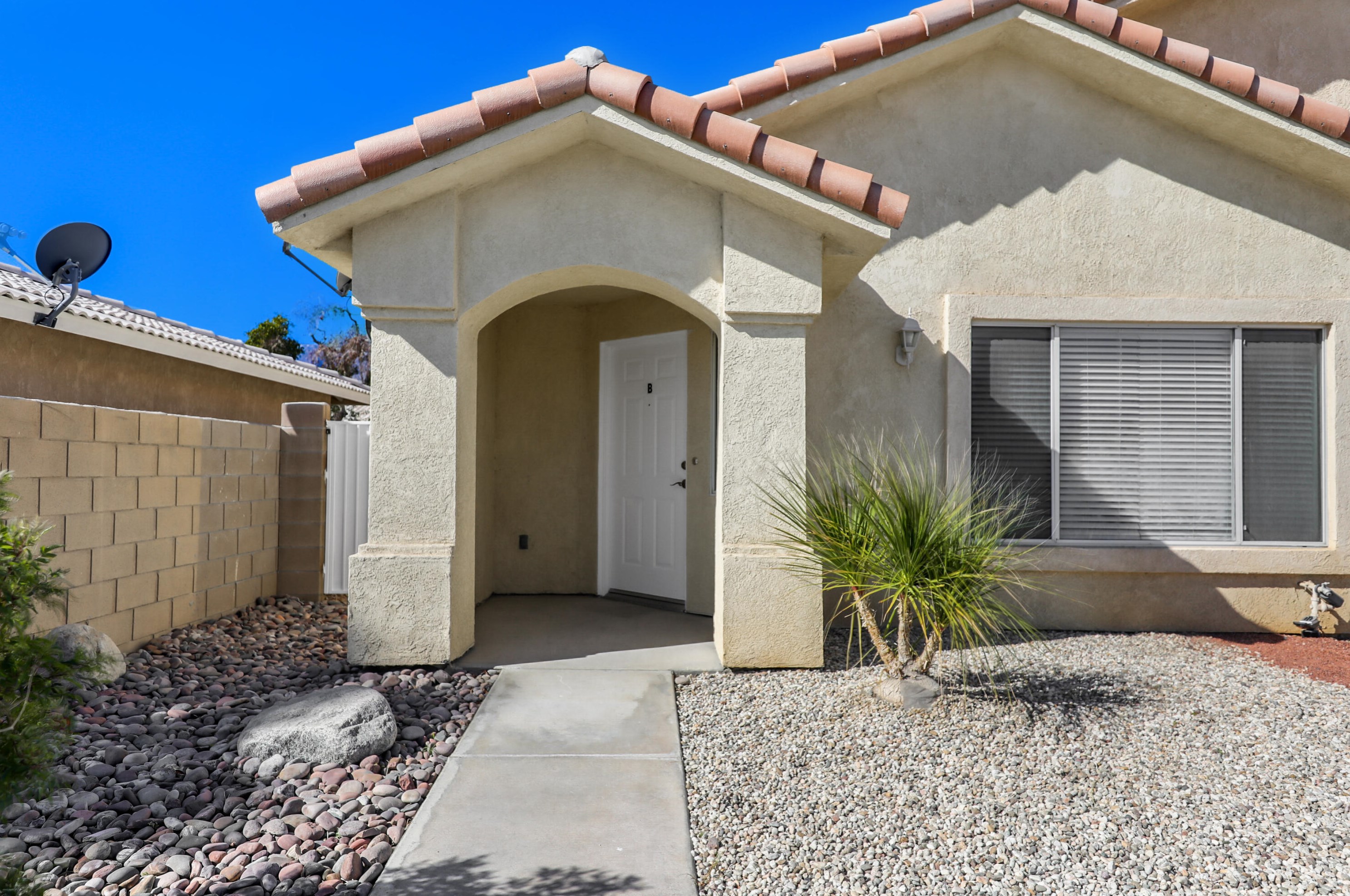 28175 Avenida La Paz, Cathedral City, CA 92234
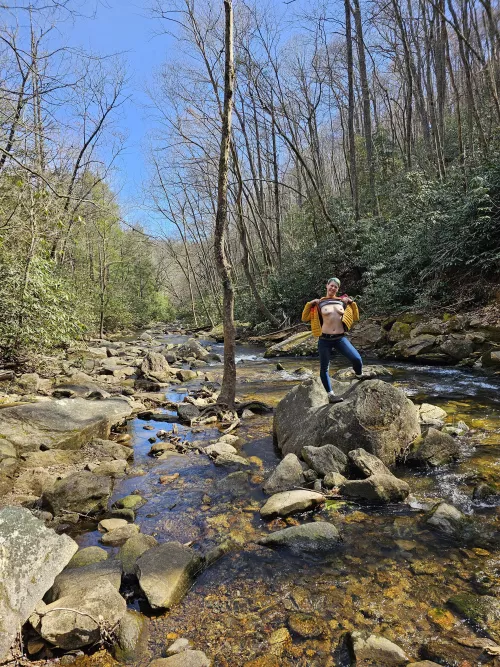 Thought I could add a bit to the scenery 🥰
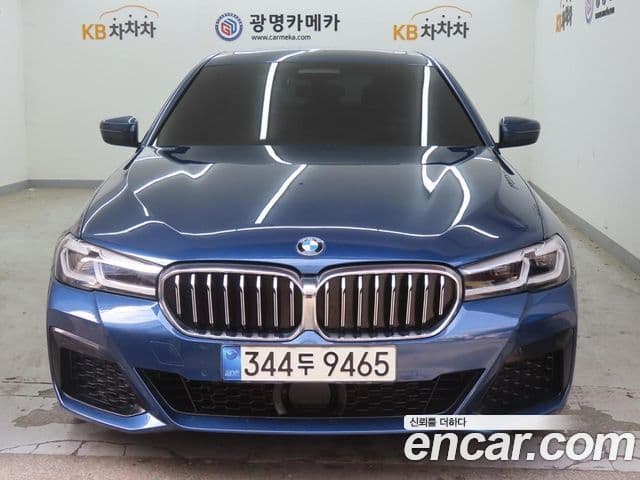 BMW 5 Series (G30)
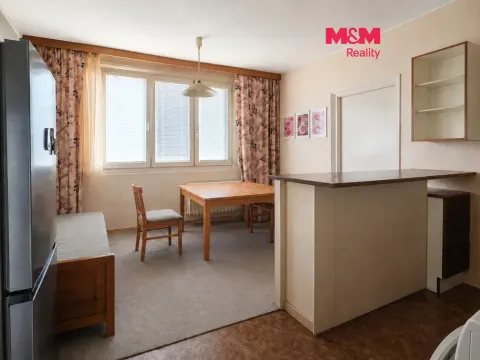 Prodej bytu 1+1, Karlovy Vary - Drahovice, Gagarinova, 38 m2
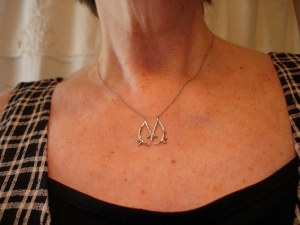 Leon%20logo%20pendant%20009%20PS.jpg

• • • • • • •

# Assigned task:
Write out exactly the lines beginning with the line that holds "BMW 5 Series (G30)" and ending with the final line of the data, both ends included, without the pictures.

# Exercise result:
 BMW 5 Series (G30)
 Prodej bytu 1+1, Karlovy Vary - Drahovice, Gagarinova, 38 m2
 Leon%20logo%20pendant%20009%20PS.jpg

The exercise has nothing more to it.